Research
Why lncRNA?
The genomes of all organisms store the information necessary for proper development and survival. Contrary to initial assumptions, eukaryotic genomes are not dominated by protein-coding genes but are composed of 98% of non-coding regions, also called “dark matter”. Undoubtedly, it can be said that this dark DNA and the non-coding RNAs produced from it are the rising stars of the twenty-first century and a major focus of genomic studies. Long noncoding RNAs (lncRNAs) – long (>200 nucleotides) RNA molecules with limited protein-coding potential constitute the biggest yet most enigmatic class of noncoding RNAs. Once considered transcriptional noise, lncRNAs are now being recognized as molecules with critical regulatory functions.

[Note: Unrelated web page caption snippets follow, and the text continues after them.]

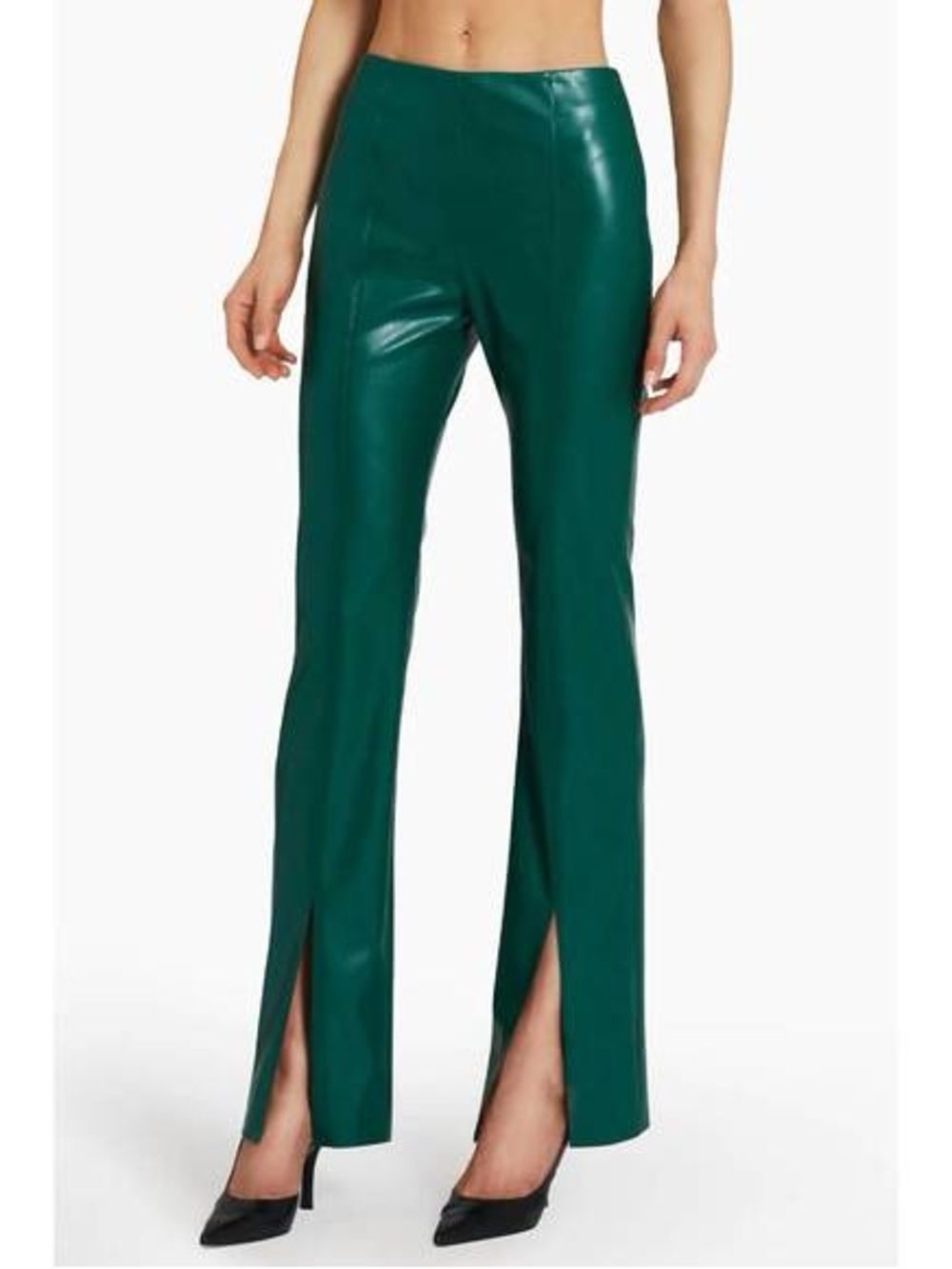 Amanda Uprichard Emerald Green Faux Leather Flare Pants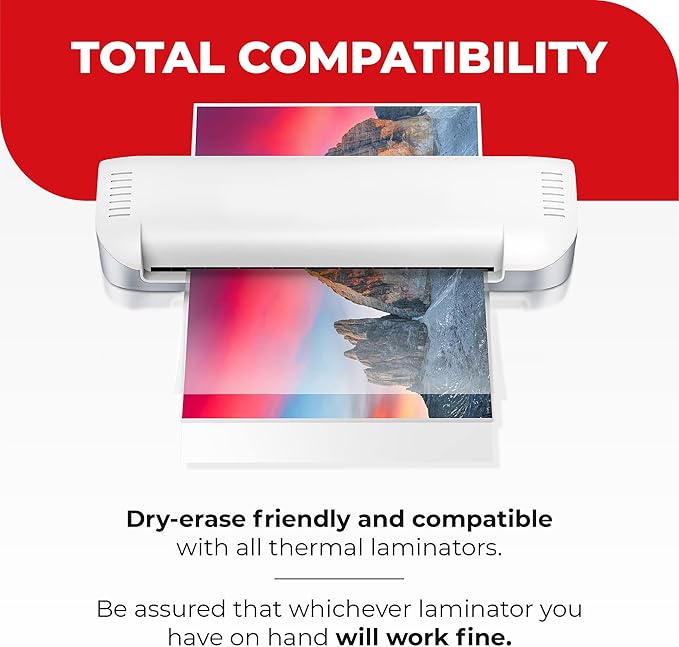 3MIL Thermal Laminating Sheets (1000 Count), 9x11.5 inch Letter Size Dry-Erase Friendly Laminating Pouches, Compatible with Laminator, Crystal Clear Laminated Finish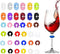 Wine Glass Charms, 36PCS Reusable Silicone Wine Glass Drink Markers, Glass Identifiers For Glass and Cups at Parties, Anniversary, Christmas,Carni...
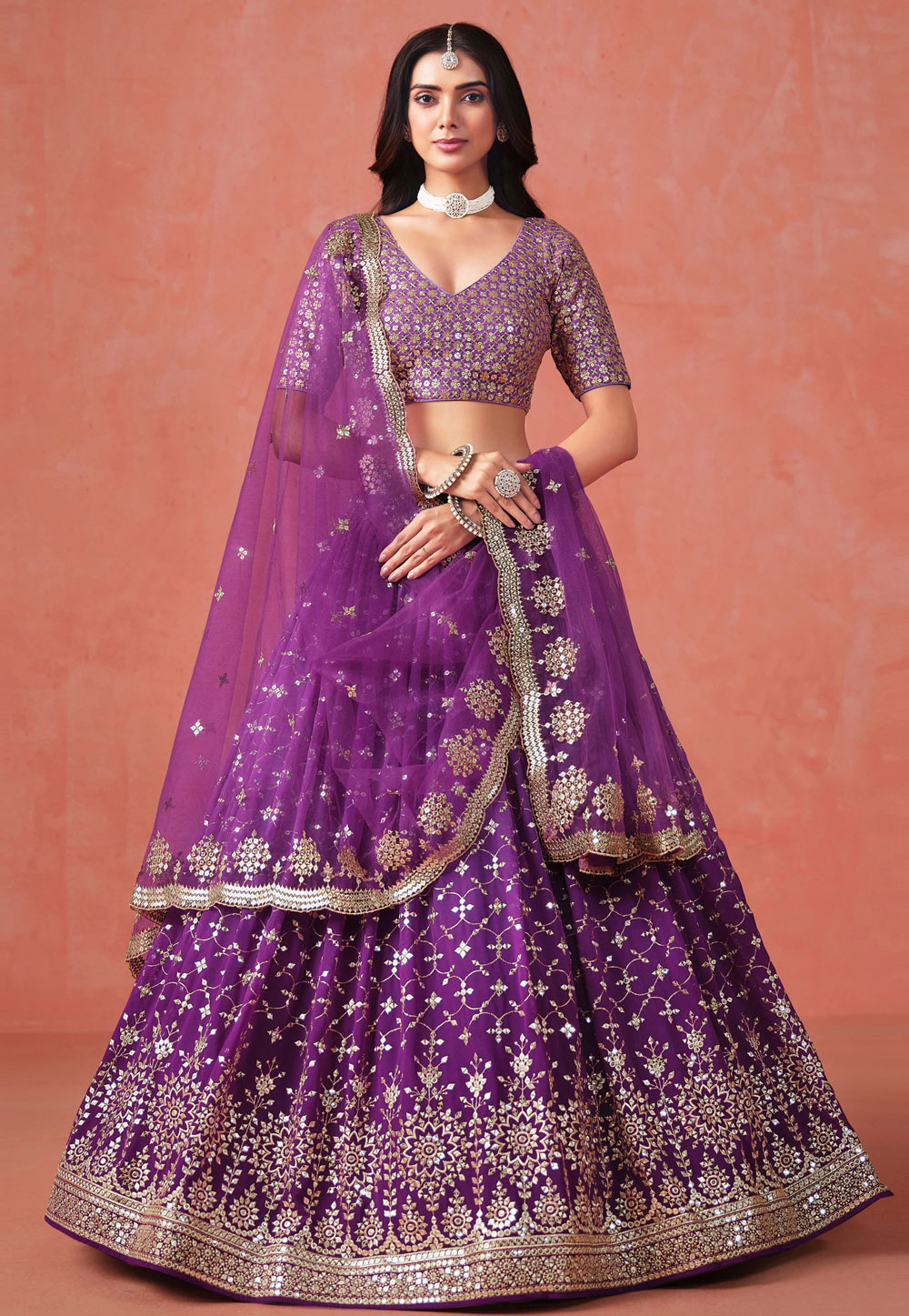 Purple Georgette Circular Lehenga Choli 311645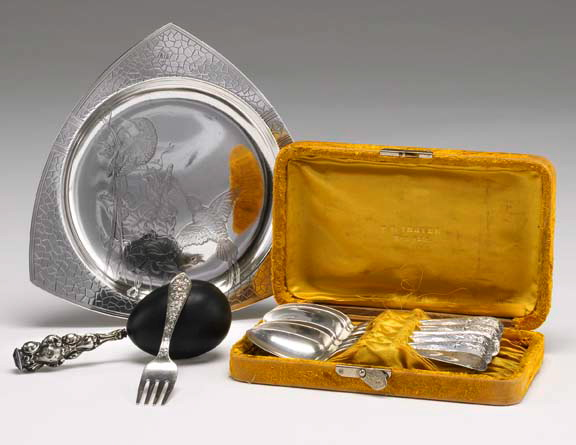 Unusual Sterling Silver Handled Darning Egg unmarked but American ca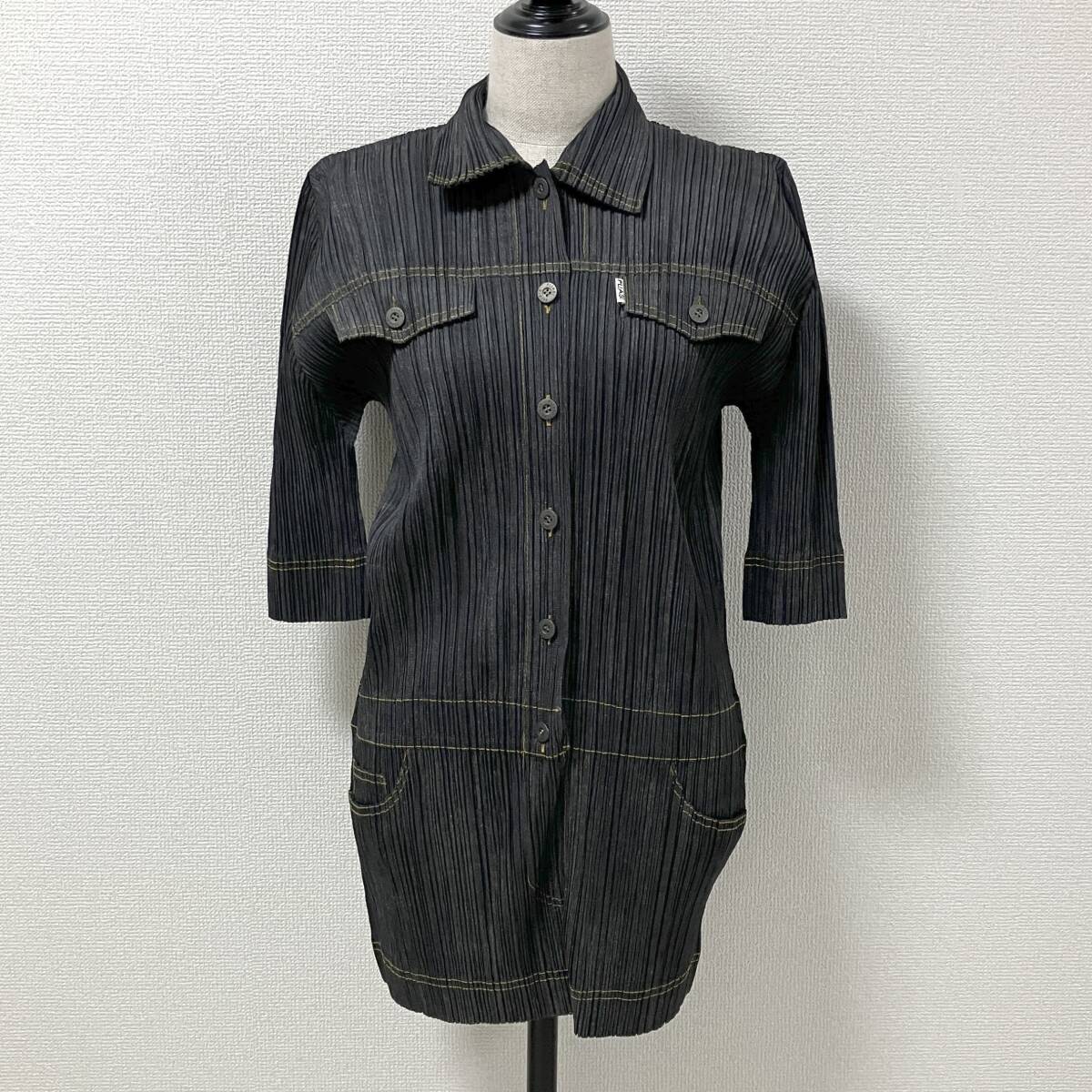 PLEATS PLEASE ISSEY MIYAKE ブラック デニム 転写 ワンピース 2サイズ プリーツプリーズ イッセイミヤケ archive 5070210拍卖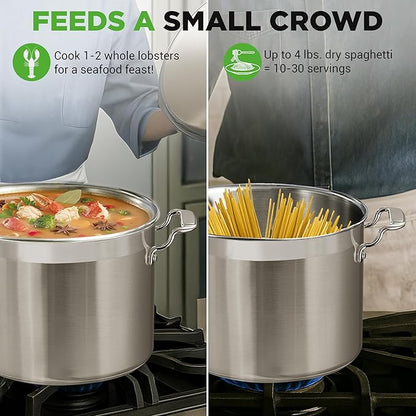 NutriChef Stainless Steel Cookware Stockpot - 14 Quart, Heavy Duty Induction Pot, Soup Pot with Stainless Steel Lid, Gas, Induction, Ceramic, Glass and Halogen Cooktops Compatible - NCSPT14Q
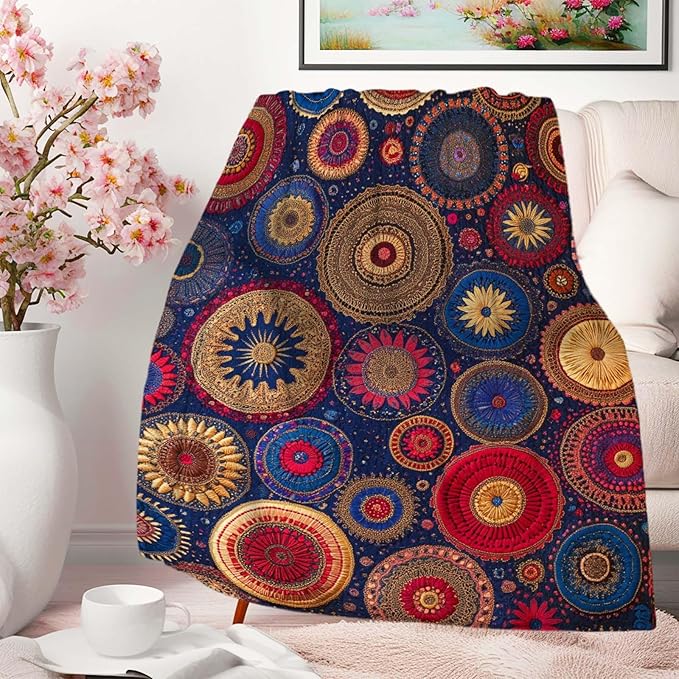 Colorful Bohemian Printed Blanket for Women Men, Mandala Circular Patterns Soft Lightweight All Season Throw for Home Decor, Couch, Bed, Camping, Travel, 40x50 Inches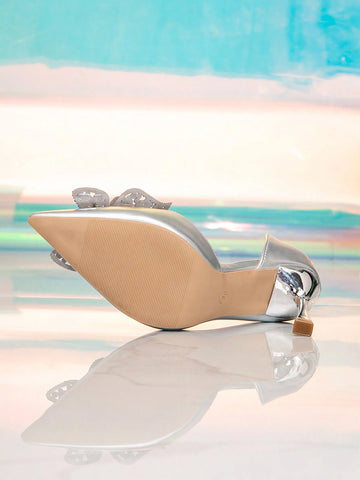 2024 New Fashion Silver Rhinestone Bow Pointed Toe High Heels Sandals For Women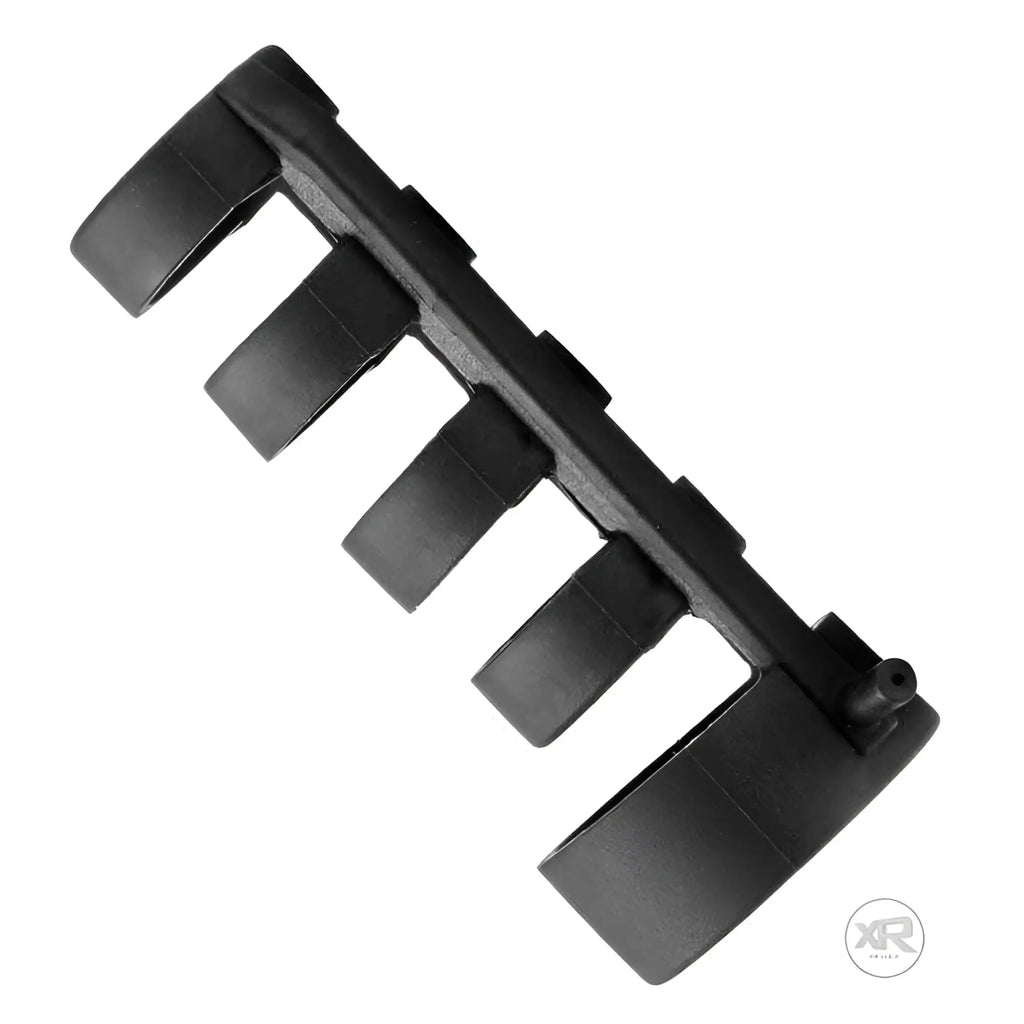 Zeus Electrosex Power Cage: A black, multi-ringed conductive electrosex cock and ball sheath on a white background.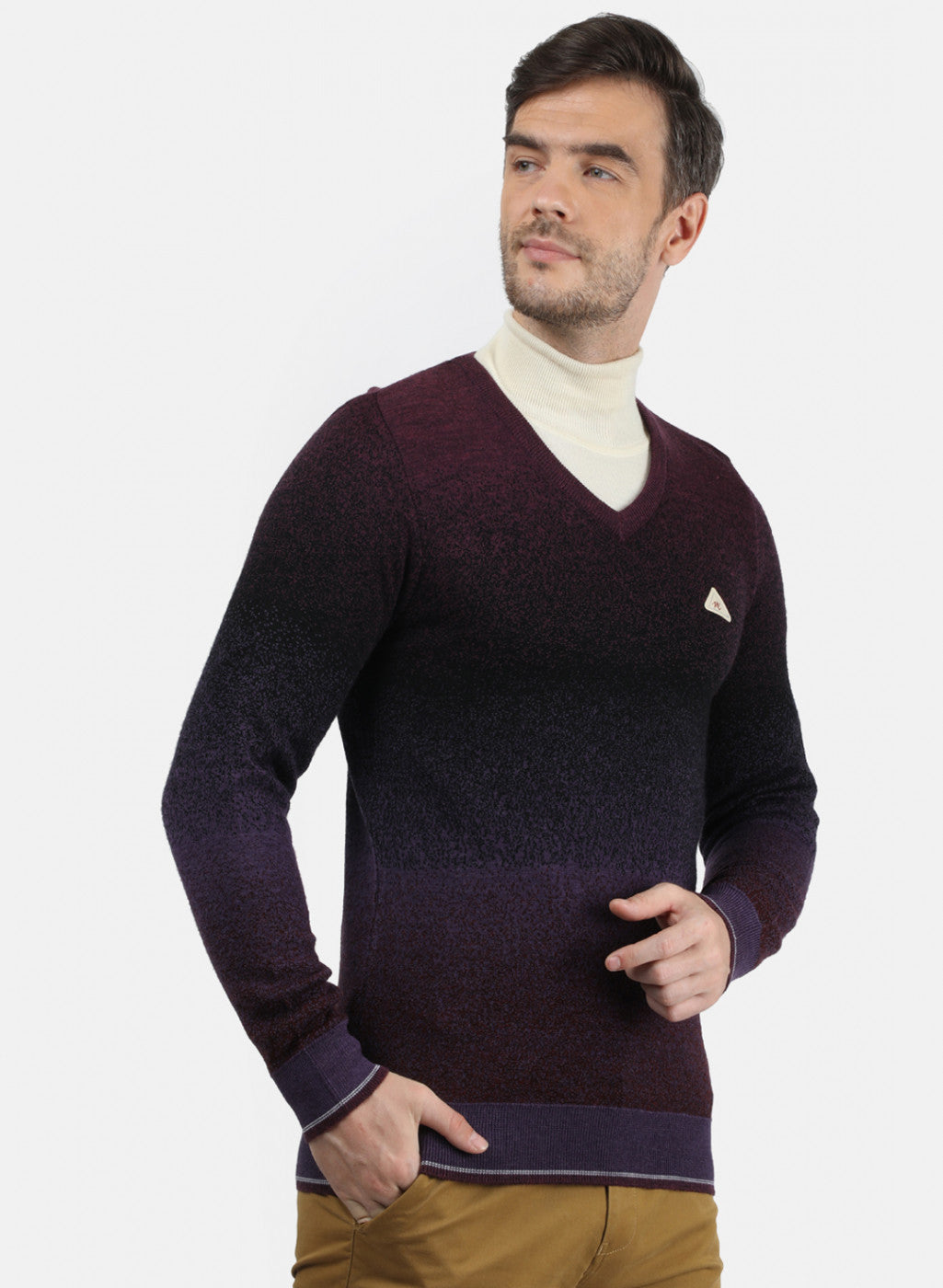 Men Purple Solid Pullover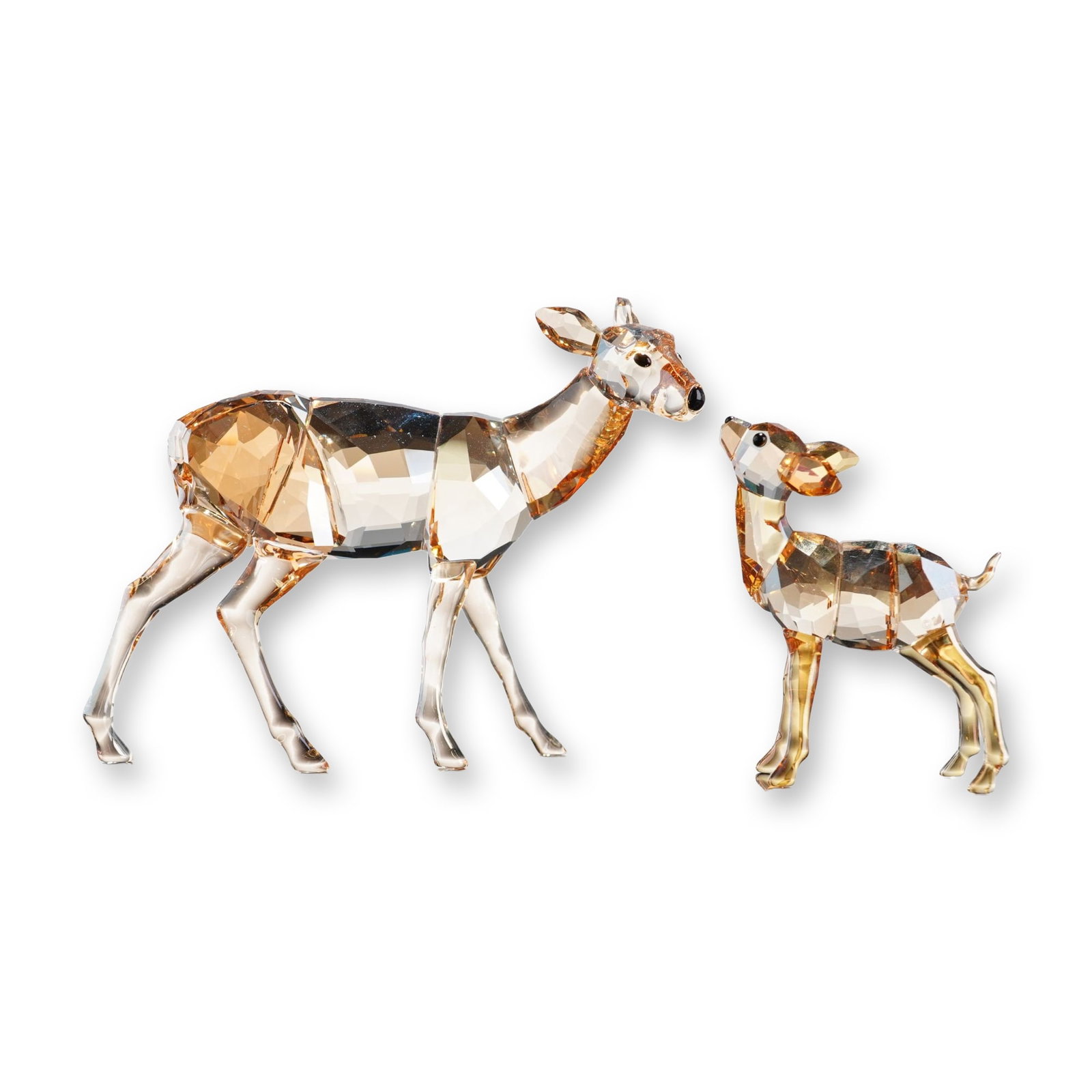 Swarovski Crystal Figurines Set, Golden Shadow Doe and Fawn (1 of 5)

A constantly growing number of lncRNAs are being associated with diverse roles in crucial biological processes or disease progression. Moreover, the highly specific spatio-temporal expression patterns of lncRNAs make them perfect biomarkers or therapeutic targets, which further confirms their high biomedical significance and creates the need for their in-depth understanding. Unfortunately, so far, only <3% of ~100,000 lncRNA genes encoded by the human genome have been functionally characterized, leaving thousands of biomedically relevant genes undiscovered. Moreover, despite extensive studies, we still lack the basis to confidently state which lncRNAs are functional and how lncRNA functions are preserved in their primary RNA sequence. Therefore, all efforts are directed towards in-depth exploration of lncRNAs, including the identification of sequence-structure-function relationships and studying their evolutionary conservation and regulatory aspects of their expression. It is believed that a better understanding of lncRNA biology will facilitate their proper characterization and yield with discovery of numerous functional genes.
LncRNAs in zebrafish
Understanding lncRNA relevance in the context of human biology and disease can be facilitated by the application of animal models. Zebrafish (Danio rerio) is a fully developed vertebrate organism that appears to be a powerful system for studying essential developmental and cellular processes, as well as human pathogenesis. Physiological and anatomical similarities (analogous major organs and tissues) together with the conservation of 70% of genes between human and zebrafish ensure that information acquired through danio rerio is more accurate than that obtained by in vitro studies or in non-vertebrate organisms. Hence, zebrafish is an ideal model to provide insights into lncRNA genomics, evolution, regulation and function.
However, recent zebrafish lncRNA annotations lag considerably behind those for human and mouse in terms of both detected gene loci and the quality of existing lncRNA models. Another aspect that is hampering zebrafish usage is the difference in annotation bias, which makes it difficult to directly compare human and zebrafish lncRNA annotations. Even more importantly, contrary to mRNAs lncRNAs display lower evolutionary conservation and low expression levels, which significantly impede their identification and biological characterization.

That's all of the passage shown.